Darsien Anderson
- Born: Darsie Gordon Anderson 22 February 1868 Abbey Wood, England
- Died: 26 December 1937 (aged 69) Guildford, England

Rugby union career
- Position: Half back

Amateur team(s)
- Years: Team / Apps / (Points)
- London Scottish
- –: Barbarians

Provincial / State sides
- Years: Team / Apps / (Points)
- 1889: East of Scotland District

International career
- Years: Team / Apps / (Points)
- 1889-92: Scotland / 8 / (2)

= Darsie Anderson =

Scotland international rugby union player

Darsie Gordon Anderson (22 February 1868 - 26 December 1937) was a Scotland international rugby union player. He played club rugby for London Scottish.

==Rugby Union career==

===Amateur career===

Anderson played for two major club teams during his career, London Scottish and the Barbarians.

===Provincial career===

He played for the East of Scotland District in their match against West of Scotland District in their match of 28 January 1889. Despite having a good game, he was not picked for the subsequent international match for Scotland.

The Forfar Herald of 1 February 1889 was scathing of Anderson's omission from the Scotland squad against Wales:

The feature of the game was the magnificent play of H. J. Stevenson of the Edinburgh Academicals at half, and D. G. Anderson of the London Scottish at quarter. It is the rule to choose the International Rugby team to play for Scotland against Wales after the above match, and this rule was again followed. The team chosen has however given rise to a great deal of dissatisfaction, and it is asserted that the representatives who came from the western clubs - being the majority of the selecting Committee - have run in their own men regardless of merit. Two instances, however, may be mentioned as being, in the writer's opinion. obvious cases of injustice. The first is that of Anderson of the London Scottish, who played so well for the East, and who really appeared to be almost as good as A. R. Don. Wauchope or Asher, and is unquestionably the best quarter back seen in Edinburgh since those two famous players retired.

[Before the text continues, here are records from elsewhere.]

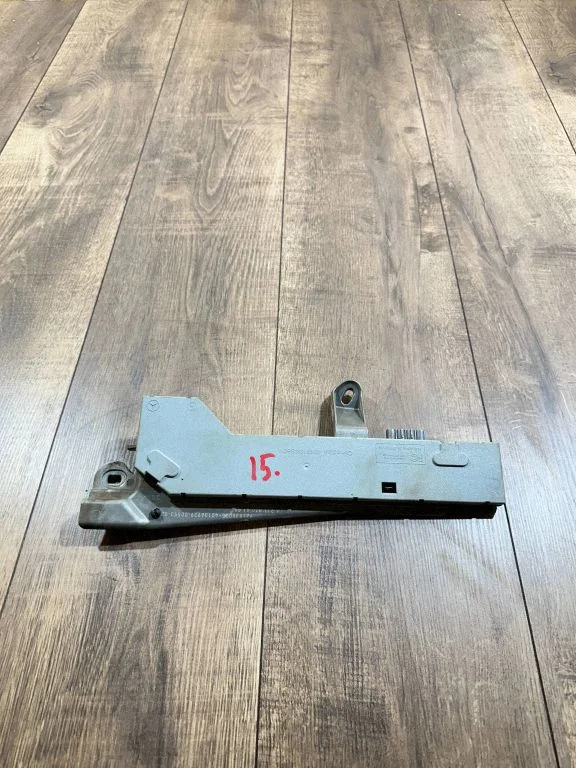 Aerial antenna amplifier A2118204189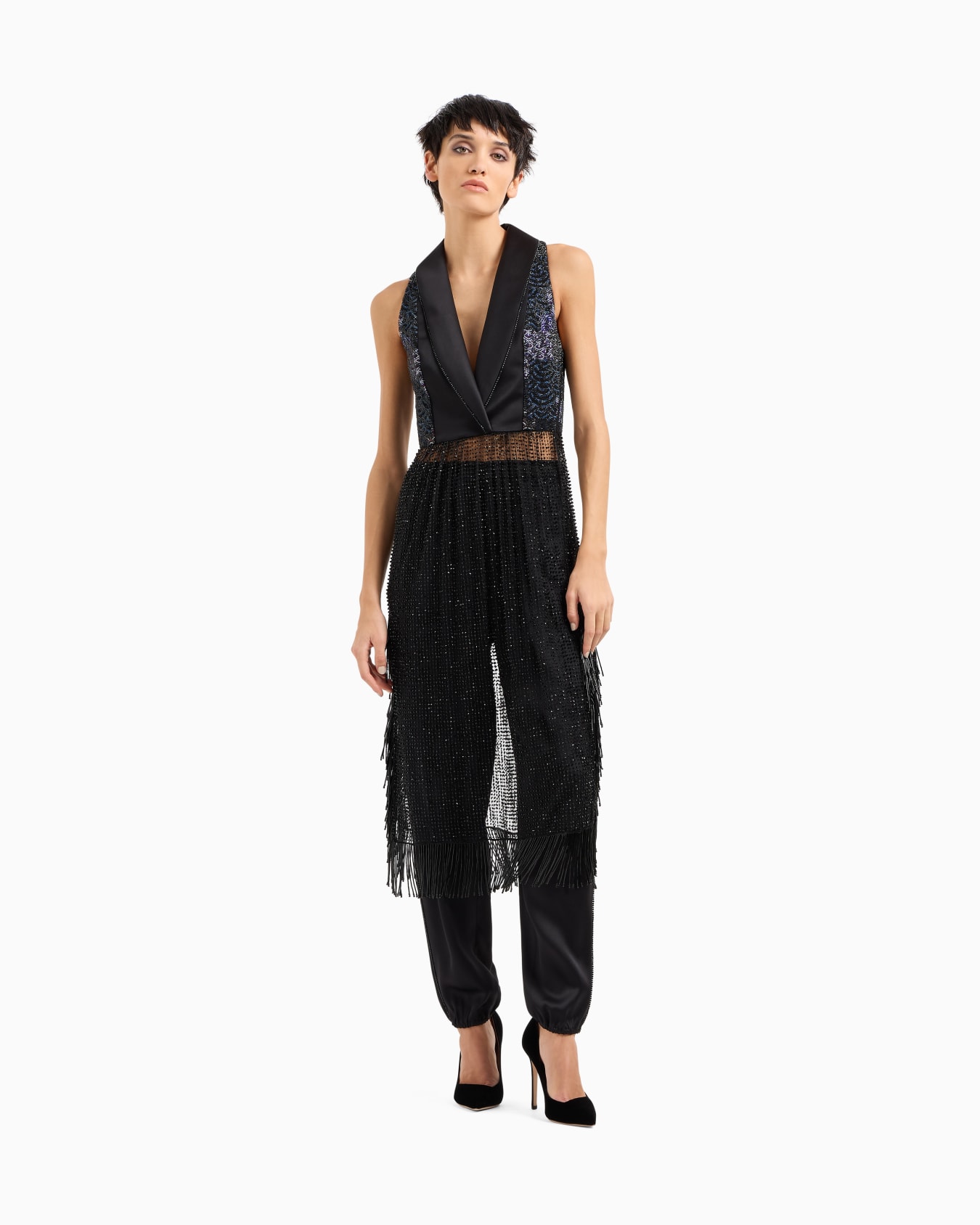 Dress with lapels and embroidered skirt Slide 3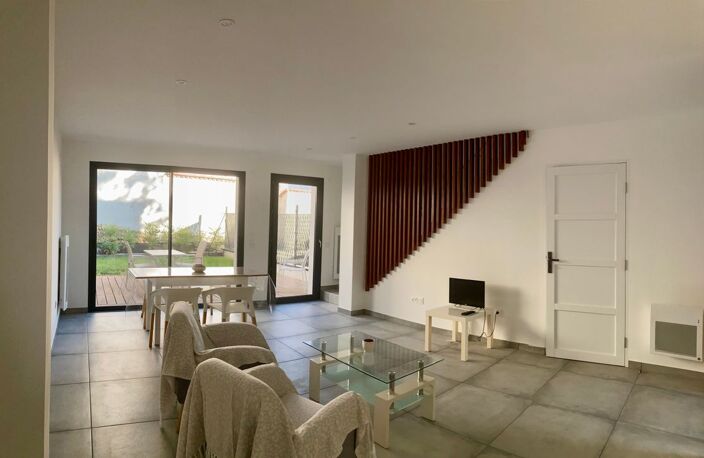 Maison de 86m2 à louer sur Chassieu — photo 3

===International career===

At international level he represented Scotland winning eight caps over four seasons.

Anderson was already playing for London Scottish when he was awarded his first international cap, in Scotland's closing encounter of the 1889 Home Nations Championship, away to Ireland. Anderson was partnered at half back with Charles Orr, with whom He would play all eight of his international appearances. Scotland won the match against the Irish, by a single drop goal, and Anderson and Orr became a regular partnership from that point. Both men lined up for all three games of the 1890 Championship, which saw Scotland lose the title in their final match of the series to England. During the 1890 tournament, Anderson scored his only international points, with a try in the win over Wales.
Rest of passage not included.